Wilderich Tuschmann: Moduli spaces of Riemannian metrics.
Consider a smooth manifold with a Riemannian metric satisfying some sort of curvature or other geometric constraint like, for example, positive scalar curvature, nonnegative Ricci or negative sectional curvature, being Einstein, Kähler, Sasaki, etc. A natural question to ponder is then what the space of all such metrics does look like. Moreover, one can also pose this question for corresponding moduli spaces of metrics, i.e., quotients of the former by (suitable subgroups of) the diffeomorphism group of the manifold, acting by pulling back metrics.
These spaces are customarily equipped with the topology of smooth convergence on compact subsets and the quotient topology, respectively, and their topological properties then provide the right means to measure 'how many' different metrics and geometries the given manifold actually does exhibit; but one can topologize and view those also in very different manners.
The study of spaces of metrics and their moduli has been a topic of interest for differential geometers, global and geometric analysts and topologists alike, and in the course I will introduce to and survey main results and open questions in the field with a focus on nonnegative Ricci or sectional curvature as well as other lower curvature bounds on closed and open manifolds, and, in particular, also discuss broader nontraditional approaches from metric geometry and analysis to these objects and topics.
Ana Chavez Caliz: A glimpse to Projective GeometryIn his book "Projective Geometry", Harold Coxeter introduces projective geometry by stating:
"Is it possible to develop a geometry having no circles, no distances, no angles, no intermediacy (or 'betweenness'), and no parallelism?

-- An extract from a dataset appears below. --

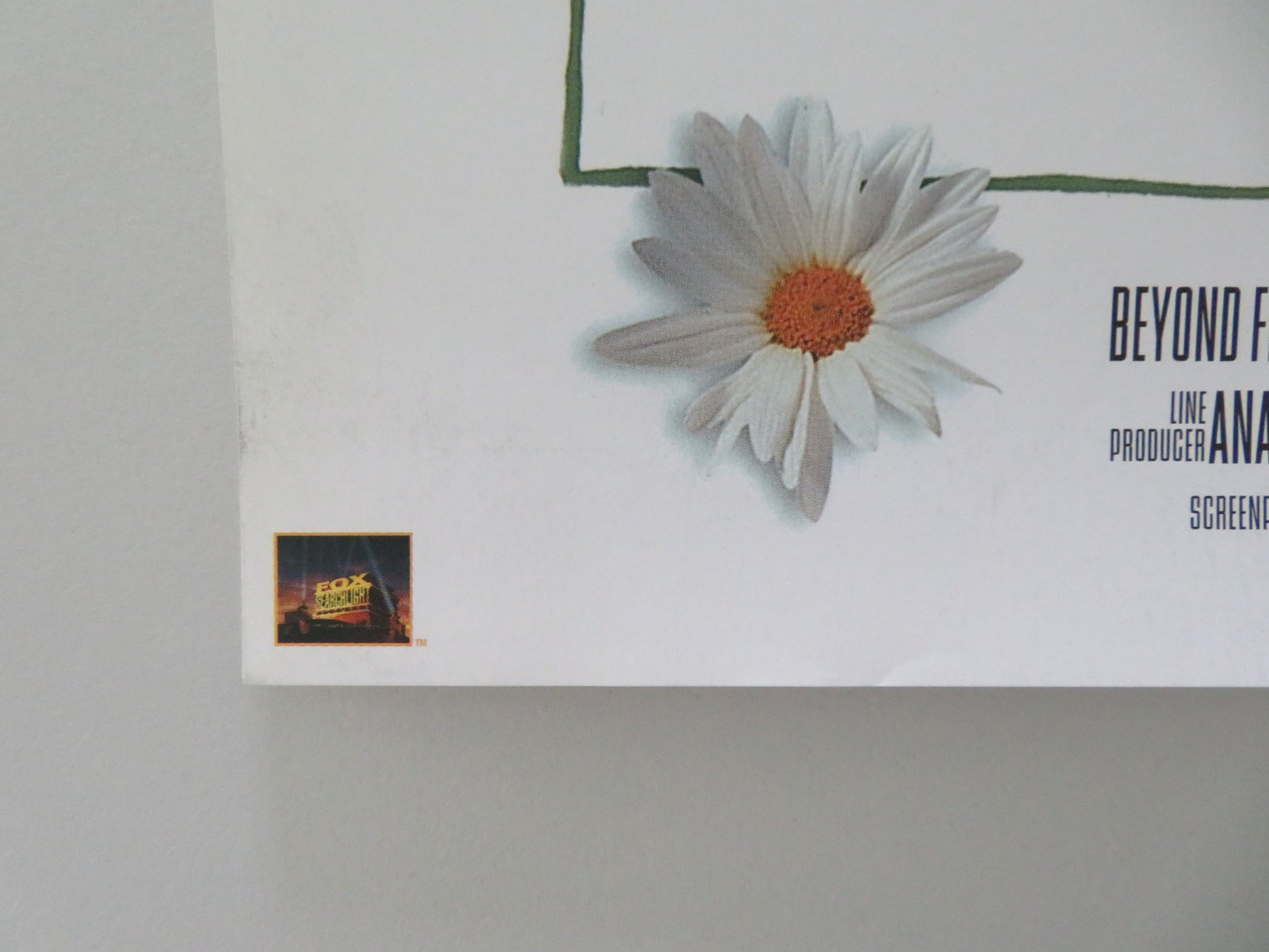 LOVE AND OTHER CATASTROPHES VHS VIDEO POSTER MATT DAY ALICE GARNER 1996 - Rendezvous Cinema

Surprisingly, the answer is Yes; what remains is projective geometry: a beautiful and intricate system of propositions, simpler than Euclid's, but not too simple to be interesting."
And, in words of Arthur Cayley,
"Metrical geometry is thus part of descriptive geometry, and descriptive geometry is all geometry."
Thus, working with geometrical objects in the frame of Projective geometry allows us to see beyond angles and distances and explore the most fundamental geometric structures and incidence relations.
We plan to go over some basic definitions on projective geometry, and show how affine geometry fits in this geometrical model. We will talk about Configuration theorems, and some geometric spaces (like spaces of lines, polygons, to mention a few) that have a natural projective structure.